Academic researchers have released MIST (Multimodal Interactive Speech-based Tool-calling Dataset), a synthetic dataset designed to train AI assistants for voice-controlled smart home environments.

The dataset addresses a key challenge in IoT device control: combining speech recognition with real-world constraints like device locations, states, and multi-turn conversations. Current voice assistants struggle with complex scenarios that require understanding both what users say and the physical context of their requests.

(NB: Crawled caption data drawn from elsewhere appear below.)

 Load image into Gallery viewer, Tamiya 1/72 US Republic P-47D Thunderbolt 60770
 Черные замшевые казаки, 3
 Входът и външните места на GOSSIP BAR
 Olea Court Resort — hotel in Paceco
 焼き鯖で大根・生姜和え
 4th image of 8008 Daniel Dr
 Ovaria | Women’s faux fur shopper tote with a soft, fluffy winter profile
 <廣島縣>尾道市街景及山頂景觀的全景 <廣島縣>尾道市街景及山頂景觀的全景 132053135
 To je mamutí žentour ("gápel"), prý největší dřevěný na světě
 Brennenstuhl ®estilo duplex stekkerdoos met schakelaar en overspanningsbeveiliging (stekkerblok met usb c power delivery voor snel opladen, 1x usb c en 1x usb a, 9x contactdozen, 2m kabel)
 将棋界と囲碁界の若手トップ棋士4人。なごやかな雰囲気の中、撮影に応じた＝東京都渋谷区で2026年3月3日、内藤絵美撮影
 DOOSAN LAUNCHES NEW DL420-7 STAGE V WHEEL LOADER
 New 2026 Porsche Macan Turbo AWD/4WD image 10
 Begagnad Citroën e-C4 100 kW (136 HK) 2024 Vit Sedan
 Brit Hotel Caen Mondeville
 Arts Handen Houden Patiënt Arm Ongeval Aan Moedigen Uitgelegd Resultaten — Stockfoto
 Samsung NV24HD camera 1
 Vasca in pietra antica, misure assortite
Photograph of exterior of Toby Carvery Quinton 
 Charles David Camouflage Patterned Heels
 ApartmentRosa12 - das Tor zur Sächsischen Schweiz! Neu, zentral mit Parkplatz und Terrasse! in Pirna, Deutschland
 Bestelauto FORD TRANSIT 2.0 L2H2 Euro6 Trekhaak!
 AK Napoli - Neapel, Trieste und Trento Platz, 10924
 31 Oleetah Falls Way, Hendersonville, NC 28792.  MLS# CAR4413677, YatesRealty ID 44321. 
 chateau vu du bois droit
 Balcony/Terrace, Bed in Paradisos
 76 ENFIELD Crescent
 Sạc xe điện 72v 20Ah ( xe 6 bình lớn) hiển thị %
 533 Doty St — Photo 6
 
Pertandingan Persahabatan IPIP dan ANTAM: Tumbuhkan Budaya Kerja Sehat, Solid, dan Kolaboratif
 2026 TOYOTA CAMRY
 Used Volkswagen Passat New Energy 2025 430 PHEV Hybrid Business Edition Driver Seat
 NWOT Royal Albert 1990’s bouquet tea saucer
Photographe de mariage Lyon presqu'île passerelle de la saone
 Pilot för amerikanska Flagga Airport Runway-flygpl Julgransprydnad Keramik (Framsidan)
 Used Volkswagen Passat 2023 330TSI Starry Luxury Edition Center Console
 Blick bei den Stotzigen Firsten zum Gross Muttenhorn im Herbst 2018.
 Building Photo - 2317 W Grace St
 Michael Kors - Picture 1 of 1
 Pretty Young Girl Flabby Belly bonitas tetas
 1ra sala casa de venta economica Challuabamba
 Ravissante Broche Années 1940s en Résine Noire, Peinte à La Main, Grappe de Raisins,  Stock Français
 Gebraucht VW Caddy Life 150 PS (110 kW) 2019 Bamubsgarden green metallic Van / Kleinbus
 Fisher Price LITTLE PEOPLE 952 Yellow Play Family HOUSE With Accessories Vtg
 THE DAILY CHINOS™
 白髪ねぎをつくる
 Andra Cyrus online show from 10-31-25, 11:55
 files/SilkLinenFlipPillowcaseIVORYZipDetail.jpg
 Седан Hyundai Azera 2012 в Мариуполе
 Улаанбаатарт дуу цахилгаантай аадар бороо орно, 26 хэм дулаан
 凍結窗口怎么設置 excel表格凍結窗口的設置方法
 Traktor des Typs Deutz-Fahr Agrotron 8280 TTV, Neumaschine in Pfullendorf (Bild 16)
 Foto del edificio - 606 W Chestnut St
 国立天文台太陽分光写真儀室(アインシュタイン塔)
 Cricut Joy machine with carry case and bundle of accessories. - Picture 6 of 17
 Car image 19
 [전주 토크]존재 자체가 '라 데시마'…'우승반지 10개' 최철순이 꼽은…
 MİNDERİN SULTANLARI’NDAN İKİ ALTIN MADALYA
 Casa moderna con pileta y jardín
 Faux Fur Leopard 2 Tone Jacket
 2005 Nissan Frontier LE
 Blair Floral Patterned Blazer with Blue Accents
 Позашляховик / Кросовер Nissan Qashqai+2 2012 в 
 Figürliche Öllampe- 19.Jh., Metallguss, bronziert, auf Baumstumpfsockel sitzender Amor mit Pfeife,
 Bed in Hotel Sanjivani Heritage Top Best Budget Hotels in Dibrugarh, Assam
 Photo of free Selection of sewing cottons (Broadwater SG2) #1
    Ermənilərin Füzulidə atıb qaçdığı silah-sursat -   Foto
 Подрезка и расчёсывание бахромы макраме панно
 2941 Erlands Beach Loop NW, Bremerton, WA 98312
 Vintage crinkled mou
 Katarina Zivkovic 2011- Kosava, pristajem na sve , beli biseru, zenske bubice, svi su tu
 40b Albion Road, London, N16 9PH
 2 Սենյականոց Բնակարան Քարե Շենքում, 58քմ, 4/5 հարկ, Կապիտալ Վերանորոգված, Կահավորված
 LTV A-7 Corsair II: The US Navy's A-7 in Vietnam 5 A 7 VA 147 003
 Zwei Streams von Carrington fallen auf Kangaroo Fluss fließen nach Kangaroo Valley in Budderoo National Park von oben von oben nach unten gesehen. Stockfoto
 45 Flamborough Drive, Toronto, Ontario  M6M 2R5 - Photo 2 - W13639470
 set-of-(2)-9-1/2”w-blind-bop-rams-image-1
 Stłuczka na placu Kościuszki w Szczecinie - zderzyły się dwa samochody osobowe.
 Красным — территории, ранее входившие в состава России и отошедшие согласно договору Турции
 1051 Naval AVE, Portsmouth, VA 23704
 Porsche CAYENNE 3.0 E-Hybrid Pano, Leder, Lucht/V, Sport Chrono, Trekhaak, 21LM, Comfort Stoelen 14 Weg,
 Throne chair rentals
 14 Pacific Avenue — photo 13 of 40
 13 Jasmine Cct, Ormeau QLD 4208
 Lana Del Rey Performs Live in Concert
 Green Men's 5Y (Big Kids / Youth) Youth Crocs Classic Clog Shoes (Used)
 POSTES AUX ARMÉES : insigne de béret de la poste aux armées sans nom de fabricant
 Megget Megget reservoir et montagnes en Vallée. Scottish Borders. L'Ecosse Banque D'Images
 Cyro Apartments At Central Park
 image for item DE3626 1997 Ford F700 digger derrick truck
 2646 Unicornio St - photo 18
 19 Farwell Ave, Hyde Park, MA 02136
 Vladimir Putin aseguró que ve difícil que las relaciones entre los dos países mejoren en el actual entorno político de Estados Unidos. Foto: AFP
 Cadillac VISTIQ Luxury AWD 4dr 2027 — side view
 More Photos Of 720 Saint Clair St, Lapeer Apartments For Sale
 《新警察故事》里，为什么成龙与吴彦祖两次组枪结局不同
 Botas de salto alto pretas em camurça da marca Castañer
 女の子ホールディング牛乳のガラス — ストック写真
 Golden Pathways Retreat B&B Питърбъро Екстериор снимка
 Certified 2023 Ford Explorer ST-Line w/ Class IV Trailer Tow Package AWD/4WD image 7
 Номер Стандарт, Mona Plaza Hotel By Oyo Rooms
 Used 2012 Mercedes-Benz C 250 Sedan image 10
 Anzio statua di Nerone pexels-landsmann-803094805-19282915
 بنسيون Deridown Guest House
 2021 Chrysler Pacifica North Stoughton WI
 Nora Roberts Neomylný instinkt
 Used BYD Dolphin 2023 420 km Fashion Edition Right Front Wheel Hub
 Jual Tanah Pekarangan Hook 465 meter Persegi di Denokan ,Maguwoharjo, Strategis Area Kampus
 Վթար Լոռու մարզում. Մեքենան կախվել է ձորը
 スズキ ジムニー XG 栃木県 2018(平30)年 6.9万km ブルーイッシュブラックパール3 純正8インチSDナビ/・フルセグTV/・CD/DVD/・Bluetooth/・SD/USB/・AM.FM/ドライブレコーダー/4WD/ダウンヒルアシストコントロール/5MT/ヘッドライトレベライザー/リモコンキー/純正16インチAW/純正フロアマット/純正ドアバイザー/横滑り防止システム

MIST generates synthetic multi-turn conversations where users interact with smart home devices through voice commands. The dataset includes scenarios like adjusting thermostats in specific rooms, coordinating multiple devices, and handling interruptions or clarifications during tasks.

Researchers from multiple institutions tested both open-source and proprietary multimodal large language models on MIST tasks. They found significant performance gaps between open-weight models and closed systems like those from major AI labs.

Even frontier closed-weight models showed substantial room for improvement on the benchmark. The results suggest current AI systems aren't ready for complex, real-world smart home interactions that require spatial reasoning and state tracking.

The team released both the dataset and an extensible framework for generating similar benchmarks. This allows other researchers to create domain-specific versions for different IoT environments or device types.

"The rise of Internet of Things devices in the physical world necessitates voice-based interfaces capable of handling complex user experiences," the researchers wrote in their paper.

The work highlights a growing challenge as smart homes become more sophisticated. Users expect natural conversations with AI assistants, but current systems often fail when requests involve multiple devices, spatial relationships, or context from previous interactions.

The dataset is available through arXiv and includes code for researchers to build upon the framework for their own IoT-focused AI training needs.